Naturally acquired immunity may not be as effective against variant strains of the virus that cause COVID-19.
As the U.S. tries to increase COVID-19 vaccination rates, skeptics on social media are challenging the efficacy of vaccines for people who were previously infected by the virus.
"It makes no sense to require vaccinations for the previously infected," Mercola wrote in a post on his Facebook page.
The post was flagged as part of Facebook’s efforts to combat false news and misinformation on its News Feed. (Read more about our partnership with Facebook.)
Mercola’s post responded to a tweet criticizing universities that are requiring vaccination, even for people who have recovered from COVID-19. The American College Health Association has recommended COVID-19 vaccination requirements for all on-campus college students this fall. According to the Chronicle of Higher Education, 602 institutions had some type of vaccination requirement, as of July 26.
For this fact check, we wanted to know if medical experts agreed with Mercola’s claim that a prior COVID-19 diagnosis means you shouldn’t need to get vaccinated.
We should note that the science regarding how much protection a natural infection offers compared with a vaccine is still developing. But the U.S. Centers for Disease Control and Prevention recommends COVID-19 vaccines for people 12 and older, even if they have been infected before.
"That’s because experts do not yet know how long you are protected from getting sick again after recovering from COVID-19," the CDC website says.
In an emailed statement to PolitiFact, Mercola said, "Natural immunity induces lasting antibody protection, and individuals who have had an SARS-CoV-2 infection are unlikely to benefit from a COVID-19 vaccination."
His response included a link to a Cleveland Clinic study that examined 2,579 people previously infected with COVID-19 — including 1,359 who were not vaccinated — and found that none were re-infected over a period of five months. The study concluded that individuals who were previously infected were unlikely to benefit from COVID-19 vaccination and that the vaccine could be prioritized for people who have been uninfected. This study, which PolitiFact explored in June, has not yet been peer-reviewed or published in a scientific journal.
In a June 9 statement about the study, the Cleveland Clinic said that their results "could help guide vaccination efforts should there be a shortage of vaccine supply and in countries where vaccine supply is limited."
"We do not know how long the immune system will protect itself against re-infection after COVID-19," the statement said. "It is safe to receive the COVID-19 vaccine even if you have previously tested positive, and we recommend all those who are eligible receive it."
Mercola also cited two other studies to back his claim that vaccination is unnecessary for someone who has already had COVID-19. We reached out to an author of each of these studies to see what they thought about Mercola’s use of their respective findings.
Dr. Ali Ellebedy’s study measured the decline of bone marrow plasma cells, an important source of antibodies, in people previously infected with COVID-19. The study found that the levels of anti-SARS-CoV-2 antibodies "declined rapidly in the first 4 months after infection and then more gradually over the following 7 months, remaining detectable at least 11 months after infection."
Ellebedy said he encourages vaccination even if someone has been previously infected, and that his study should not be cited as a reason for a previously infected person to not get vaccinated.

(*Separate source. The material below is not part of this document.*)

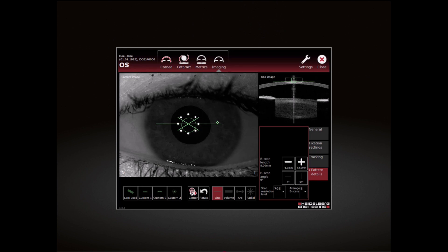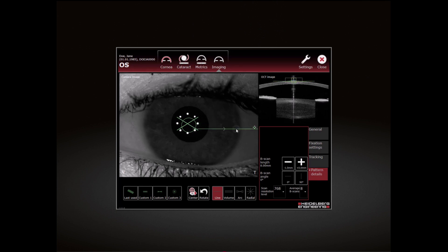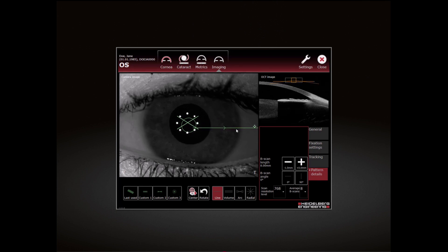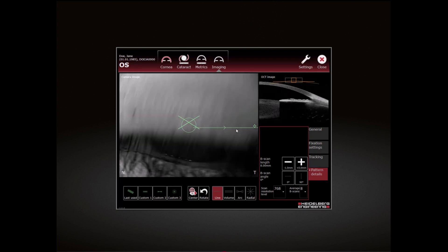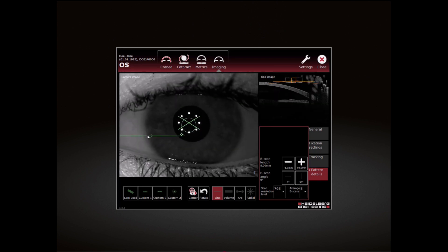To define the desired scan position on the camera image, tap the position where the center of the scan pattern should be placed.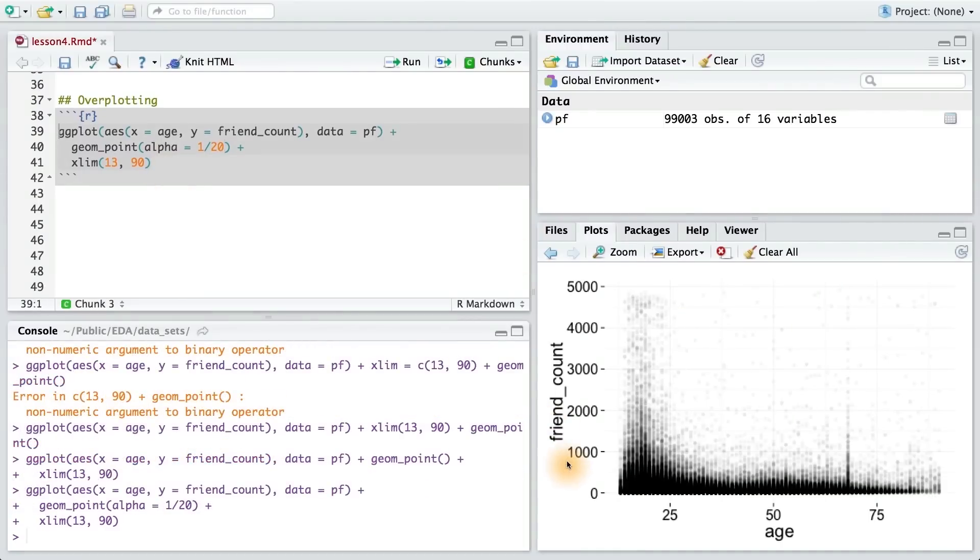Running this code, we can see that the bulk of our data lies below the 1,000 threshold for friend count. Now, let's also add a little jitter here too.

"Our study shows that mild SARS-CoV-2 infection induces persistent immune molecules that are directed against the virus but does not address whether these levels of immunity can actually protect against infection," Ellebedy said. "Also, it is important to remember that not all infected people mount a robust immune response, so it is wrong to generalize and say ‘if you are infected, you are protected.’"
The other study looked at whether the immune systems of people previously infected with the virus remembered contracting COVID-19. In a March 25 YouTube video sent to PolitiFact, co-author Dr. Shane Crotty said that with the laboratory measurements his team took, scientists can make some useful inferences, "but they don’t directly show protection."
"The vaccines are eliciting even more immunity than natural infection," Crotty said. He also reiterated Ellebedy’s point that the immune response to a natural COVID-19 infection can vary widely from person to person. Crotty said that these two factors have contributed to the public health recommendation of still getting vaccinated if you’ve been infected, and that he would get vaccinated if had COVID-19.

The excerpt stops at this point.